1 May 2003
Genetic test blunders risk needless abortions
http://www.newscientist.com/news/news.jsp?id=ns99993675
Exclusive from New Scientist, 30 April 03
Many pregnant women in the US have had risky and unnecessary fetal tests following genetic screening of themselves and their partners. And some may have terminated healthy pregnancies after muddles or irregularities in genetic tests on their fetuses.
This is the warning being issued by medical geneticists who have assessed the outcomes of some of the tens of thousands of DNA tests carried out every month in the US as part of the world's largest screening programme for cystic fibrosis (see Cystic fibrosis: key facts, below).
Some of the companies carrying out the tests blame doctors for misinterpreting complex results or requesting the wrong tests. But geneticists say a few companies are at fault too, for failing to stick to clinical guidelines.
And cystic fibrosis is just the first of many diseases for which genetic testing is likely to become routine. If mistakes are being made already, experts warn, what will happen as screening becomes more and more common? Government regulation of genetic testing in many countries is poor, they say.
With cystic fibrosis screening, the aim is to discover early in pregnancy if a woman and her partner carry any of the mutations that cause the disease. If blood or saliva tests reveal that both are carriers, they have a one in four chance of having a child with cystic fibrosis. If a follow-up DNA test on the fetus confirms that it has inherited two defective copies of the CF gene and will thus get the disease, couples face a tough decision whether or not to terminate the pregnancy.
Until recently, antenatal clinics in the US offered CF screening only to couples who already had affected children or family members. Most countries still offer only this limited screening. But two years ago doctors' groups recommended that cystic fibrosis screening be offered to all pregnant women.
The result has been a huge hike in the number of CF tests carried out by diagnostics labs in the US - and growing concerns about the reliability and interpretation of some of these tests. "The volume of tests has exploded, and front-line service providers are having some difficulty with the hard mutations that are difficult to interpret," says Michael Watson, executive director of the American College of Medical Genetics (ACMG).
Genetic screening for diseases is far from simple because a mutation in any of the tens of thousands of DNA letters in and around a gene can cause a disease. And while one mutation may be harmless, another may be deadly. As if that were not complex enough, some mutations are dangerous only if other mutations are present too, which is what has caused the problems with cystic fibrosis screening.
900 mutations
Since the CF gene was discovered in 1989, researchers have discovered more than 900 distinct mutations in the gene or nearby DNA that can cause some or all of the symptoms of the disease. Routinely screening for every mutation - most of which are incredibly rare - would be very costly and time-consuming, so most commercial test kits only look for the 25 to 35 mutations responsible for the overwhelming majority of cases.
One common mutation is called 5T. Though present in as many as one in 20 people, it contributes to cystic fibrosis only if there is a second, much rarer mutation called R117H in the same gene.
By itself, the 5T mutation does not cause life-threatening illness, and the consensus among doctors' groups and ethicists is that its presence in a pregnant woman's DNA does not justify carrying out risky fetal tests such as amniocentesis or chorionic villi sampling.

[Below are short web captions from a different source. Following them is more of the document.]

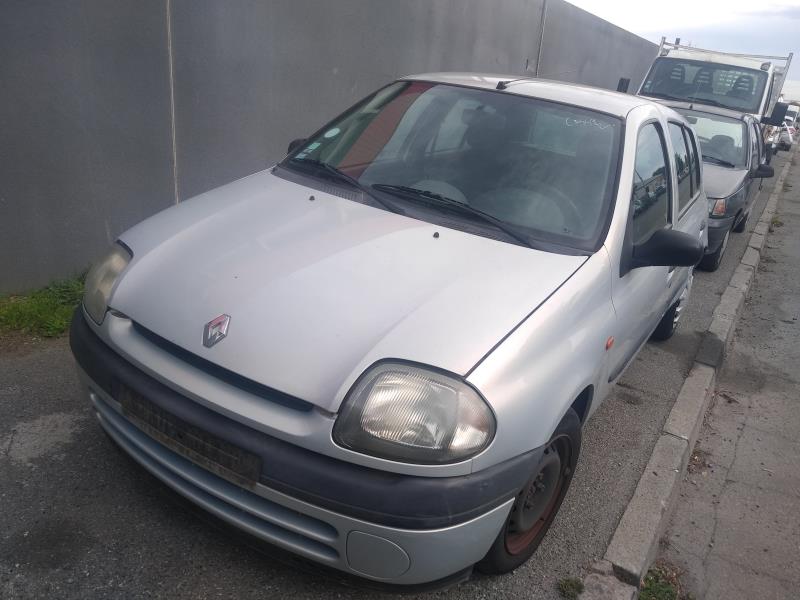 Image Compresseur clim - RENAULT CLIO 2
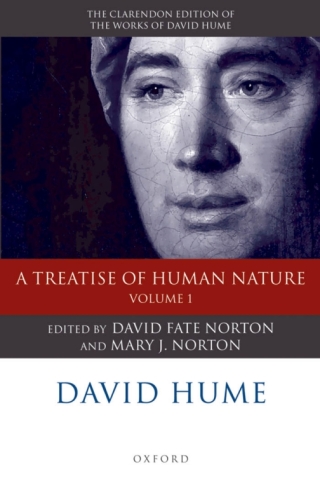 Cover image: David Hume: A Treatise of Human Nature 1st edition 9780199263837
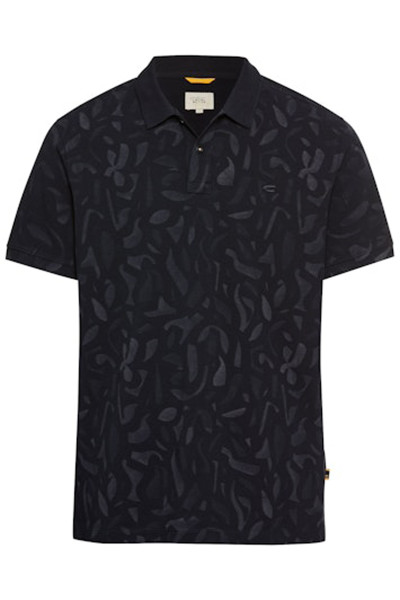 PÓLÓ CAMEL ACTIVE POLO 1/2 ARM - Kép 4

And no mainstream group supports terminating a pregnancy if these tests, done for whatever reason, reveal 5T without R117H.
But according to Watson, there have been both unnecessary fetal tests and terminations. The extent of the problem is unclear: there are no official government figures for how many women have been tested for CF mutations in the US since population screening began in October 2001, or what the outcome has been in each case.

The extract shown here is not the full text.